━━━━━ Material provided ━━━━━

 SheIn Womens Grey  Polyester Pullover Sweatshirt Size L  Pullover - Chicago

━━━━━
━━━━━ Material provided ━━━━━

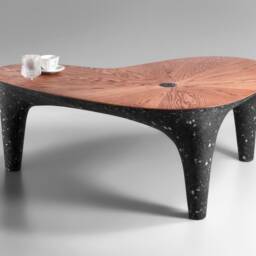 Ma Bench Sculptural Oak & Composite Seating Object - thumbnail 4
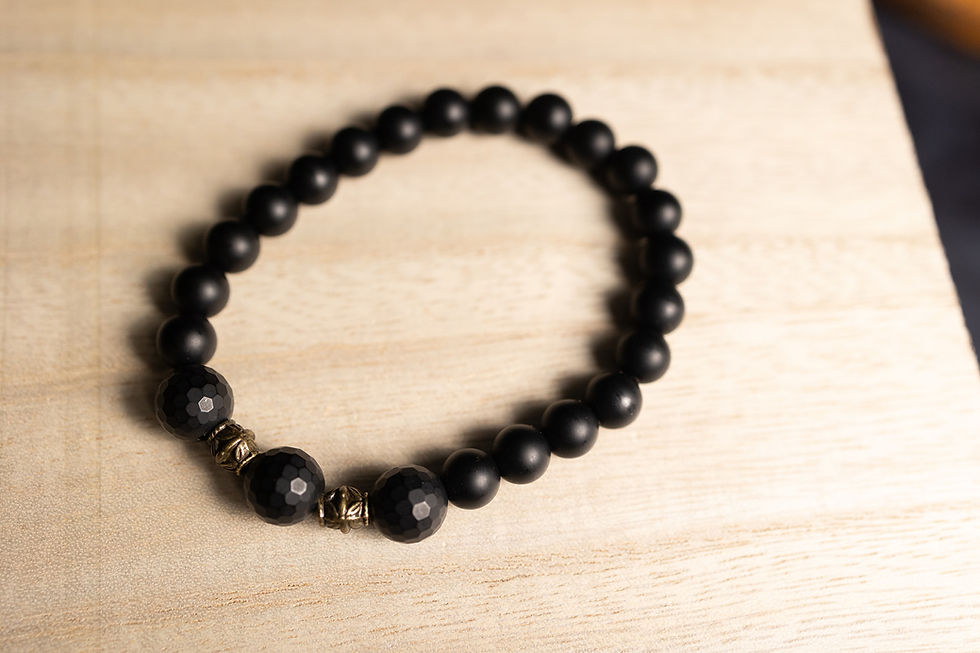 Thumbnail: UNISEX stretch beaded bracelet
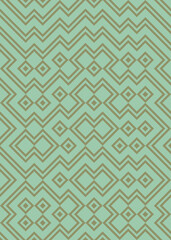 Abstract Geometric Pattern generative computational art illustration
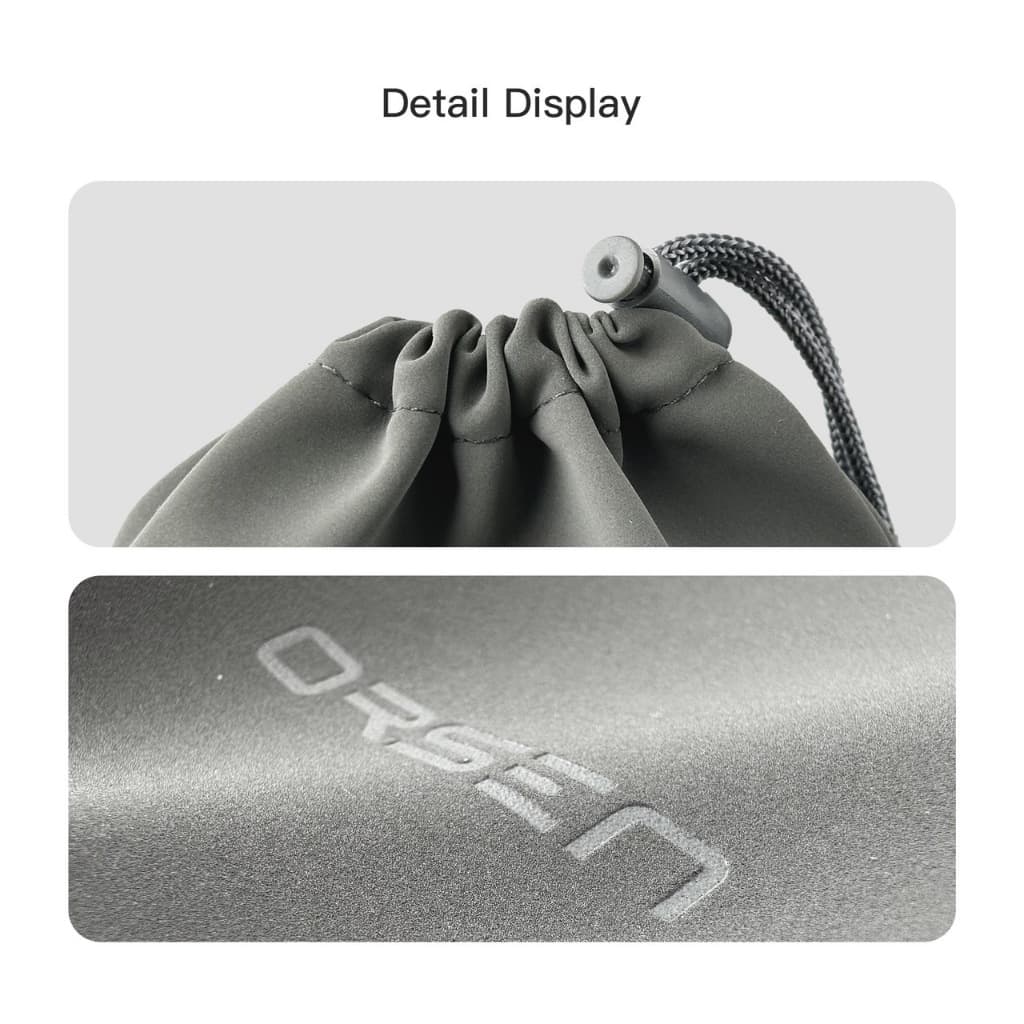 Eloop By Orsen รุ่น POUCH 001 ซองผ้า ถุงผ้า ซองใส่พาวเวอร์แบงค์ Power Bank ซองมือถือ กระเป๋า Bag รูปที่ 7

━━━━━
━━━━━ Material provided ━━━━━

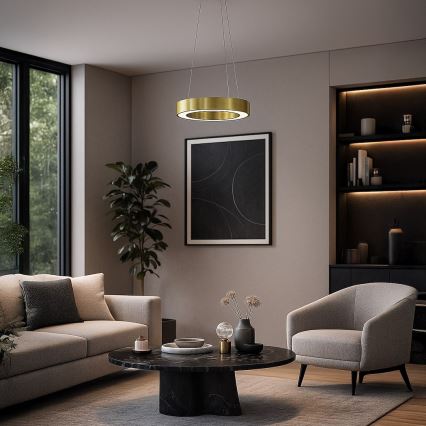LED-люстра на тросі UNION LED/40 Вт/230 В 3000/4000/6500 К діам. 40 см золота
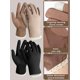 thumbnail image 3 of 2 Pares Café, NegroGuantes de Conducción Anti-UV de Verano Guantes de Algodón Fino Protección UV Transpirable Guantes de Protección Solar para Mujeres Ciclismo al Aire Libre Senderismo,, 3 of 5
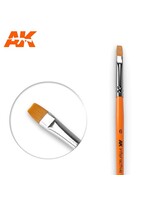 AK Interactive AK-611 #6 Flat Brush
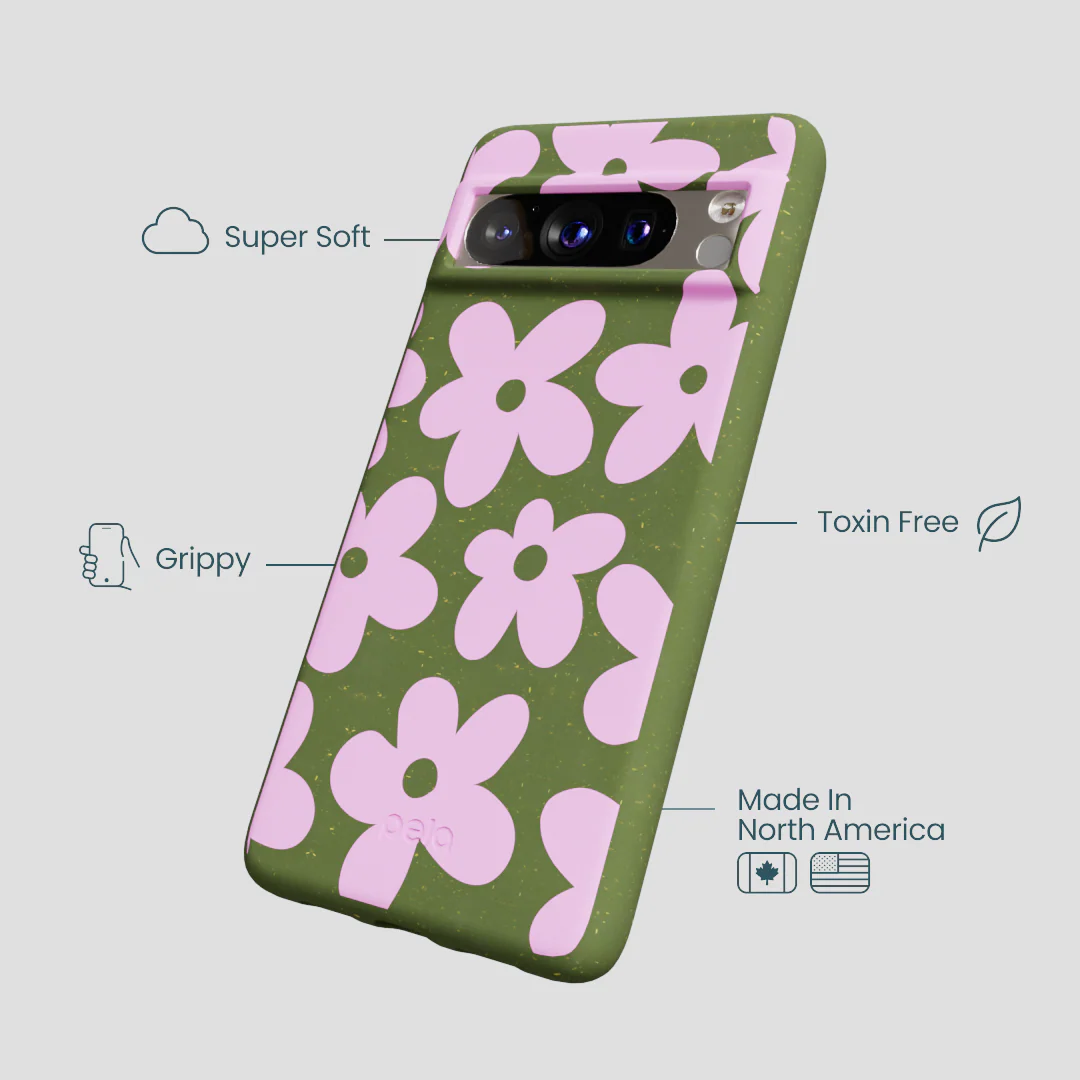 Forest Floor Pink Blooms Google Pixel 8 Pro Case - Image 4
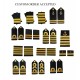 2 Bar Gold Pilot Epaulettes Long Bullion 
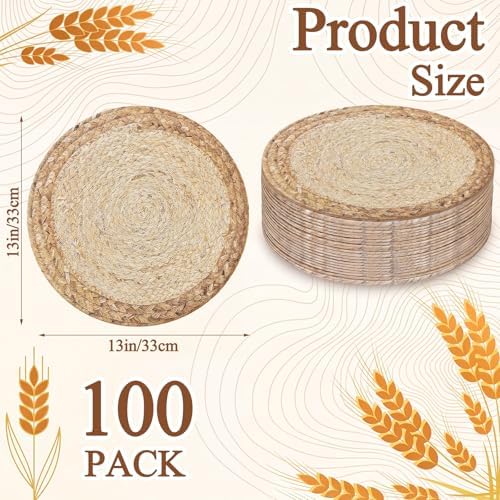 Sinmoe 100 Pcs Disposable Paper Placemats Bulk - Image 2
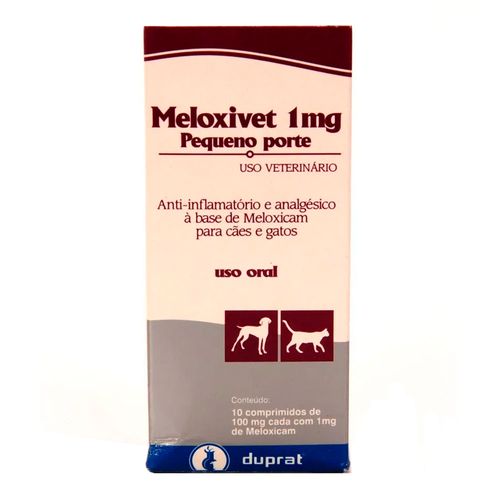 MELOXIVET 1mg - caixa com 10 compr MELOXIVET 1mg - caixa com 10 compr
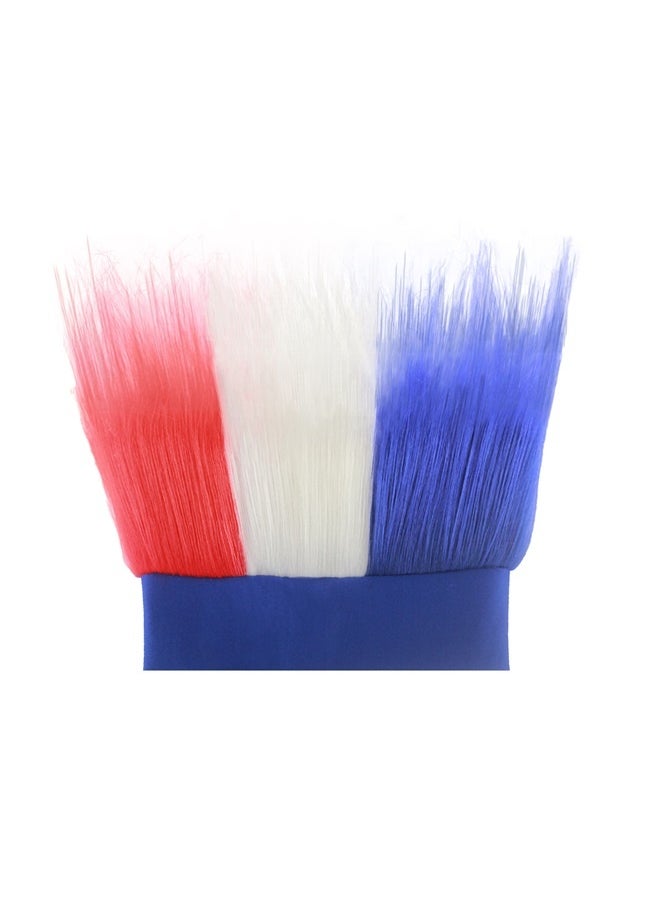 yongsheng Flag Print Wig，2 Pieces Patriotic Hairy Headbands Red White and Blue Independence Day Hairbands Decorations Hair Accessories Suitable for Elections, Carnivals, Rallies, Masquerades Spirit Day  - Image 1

━━━━━

Work to be completed: Copy exactly the lines of the listing above between the one holding "2 Bar Gold Pilot Epaulettes Long Bullion" and the one holding "yongsheng Flag Print", inclusive; omit all pictures.

Solution to this exercise:
 2 Bar Gold Pilot Epaulettes Long Bullion 
 Sinmoe 100 Pcs Disposable Paper Placemats Bulk - Image 2
 MELOXIVET 1mg - caixa com 10 compr MELOXIVET 1mg - caixa com 10 compr
 yongsheng Flag Print Wig，2 Pieces Patriotic Hairy Headbands Red White and Blue Independence Day Hairbands Decorations Hair Accessories Suitable for Elections, Carnivals, Rallies, Masquerades Spirit Day  - Image 1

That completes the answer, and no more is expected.